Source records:

________

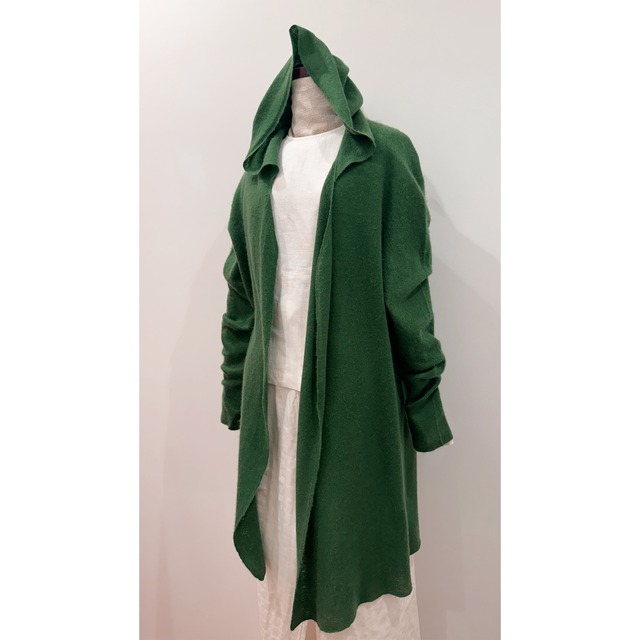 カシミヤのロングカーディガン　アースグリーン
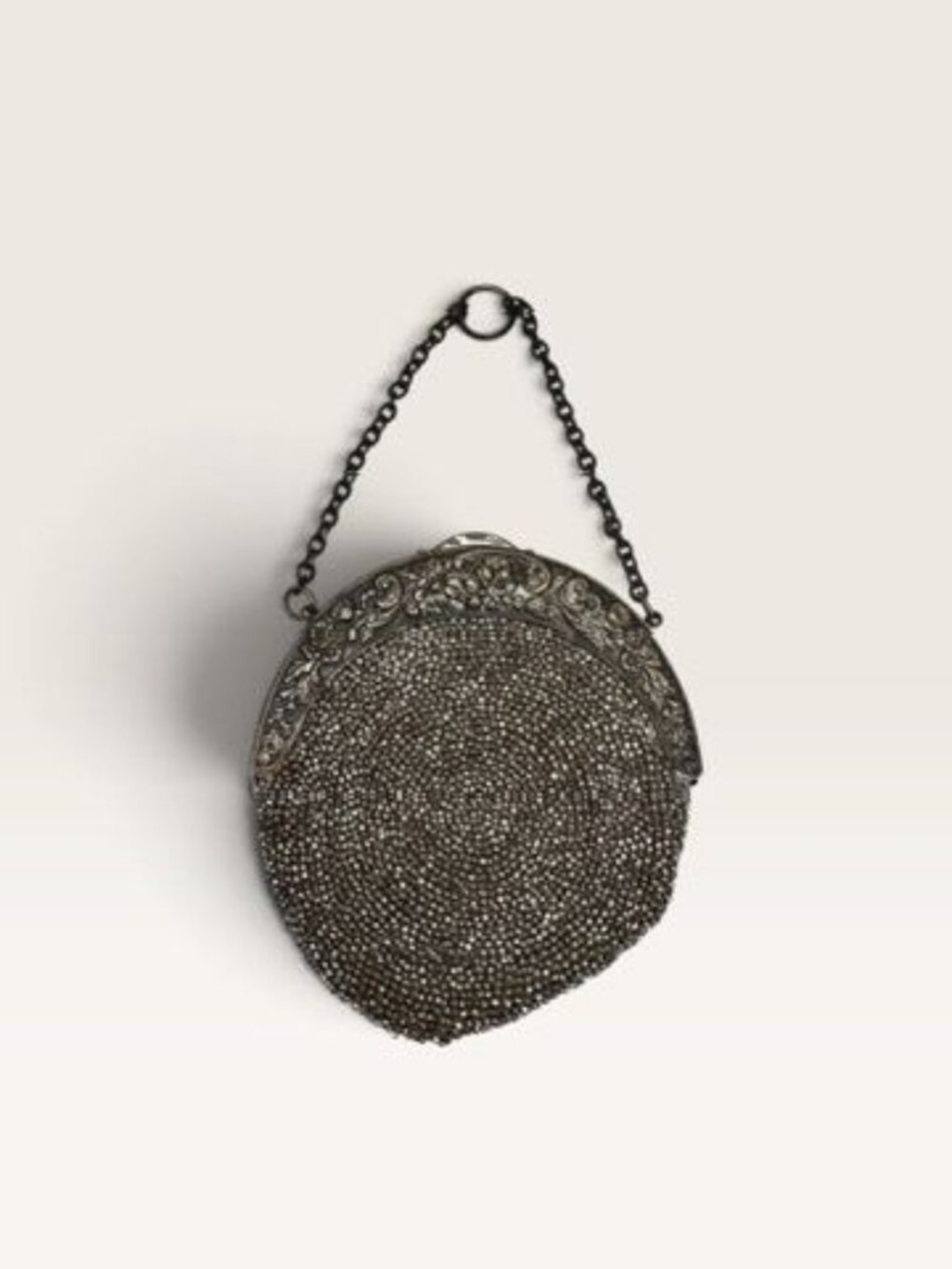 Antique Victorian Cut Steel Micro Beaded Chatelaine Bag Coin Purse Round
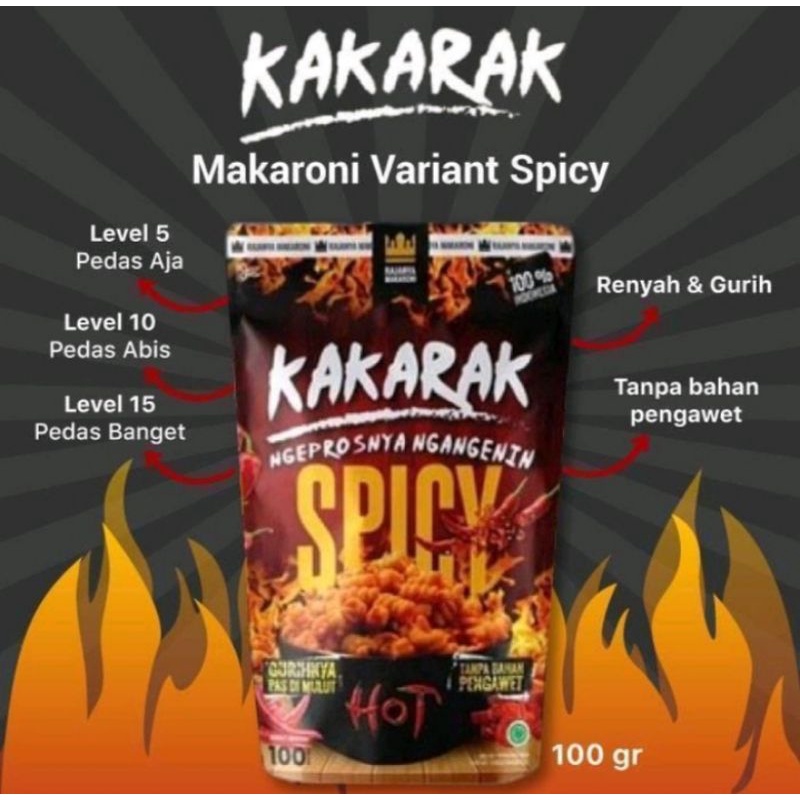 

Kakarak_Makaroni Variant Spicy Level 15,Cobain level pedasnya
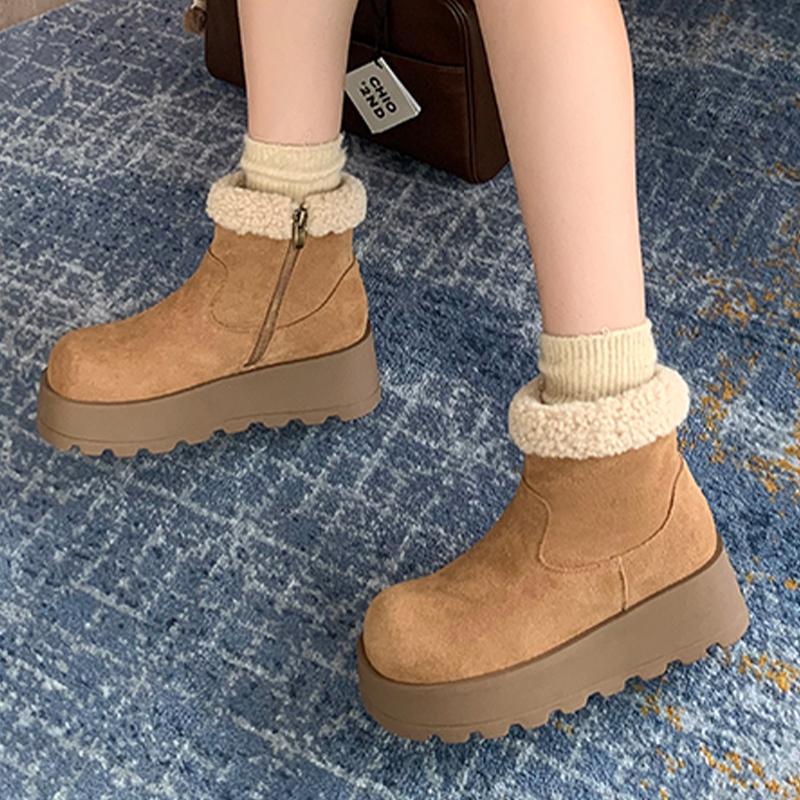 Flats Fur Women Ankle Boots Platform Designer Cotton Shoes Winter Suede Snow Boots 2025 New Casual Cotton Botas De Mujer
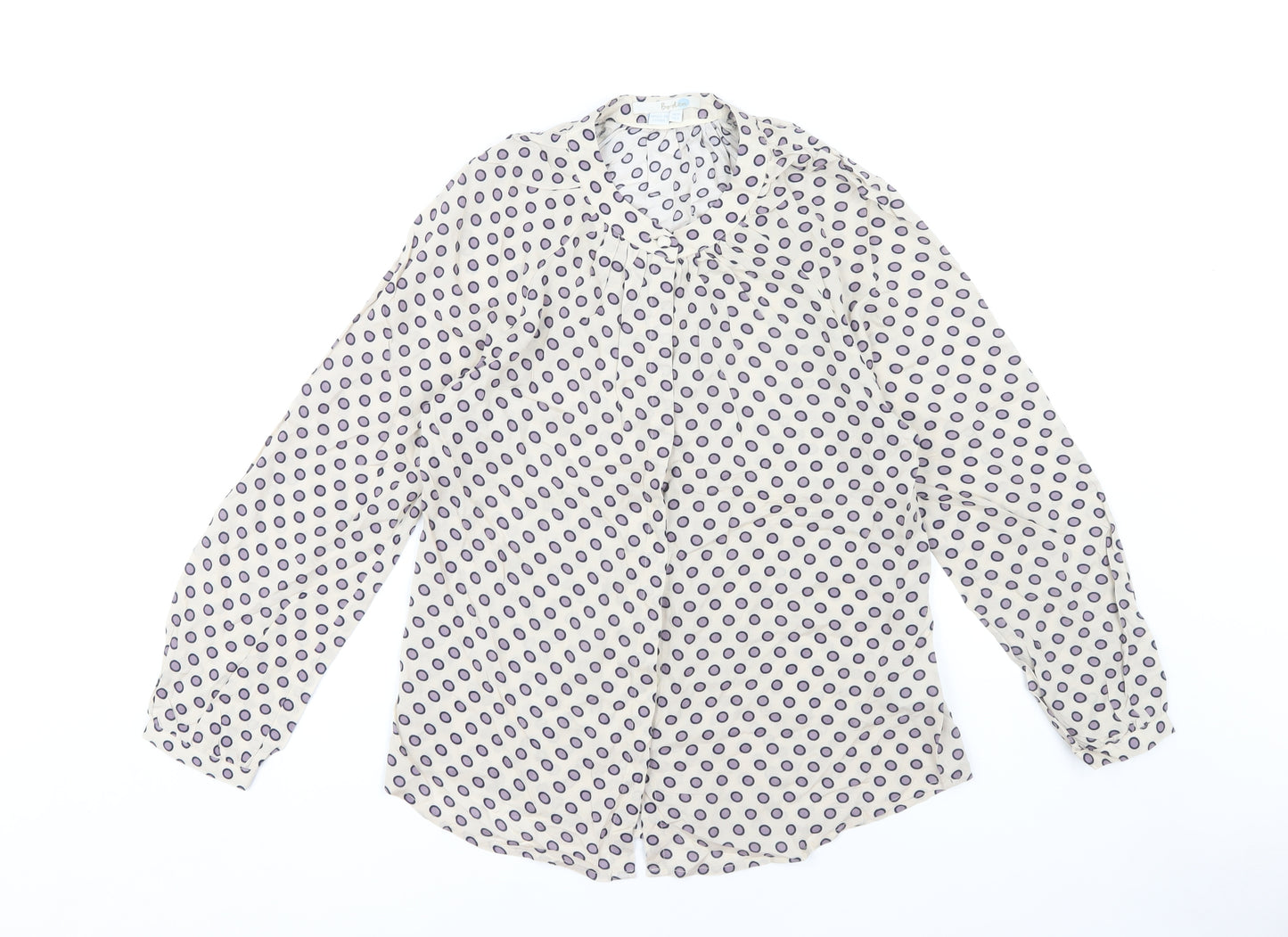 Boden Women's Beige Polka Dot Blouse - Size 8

________

● Exercise description:
Copy exactly, and copy nothing else: the lines from the one containing "Antique Victorian Cut" through the end of the data, both ends included, with pictures left out.

● Reply to the task:
 Antique Victorian Cut Steel Micro Beaded Chatelaine Bag Coin Purse Round

Kakarak_Makaroni Variant Spicy Level 15,Cobain level pedasnya
 Flats Fur Women Ankle Boots Platform Designer Cotton Shoes Winter Suede Snow Boots 2025 New Casual Cotton Botas De Mujer
 Boden Women's Beige Polka Dot Blouse - Size 8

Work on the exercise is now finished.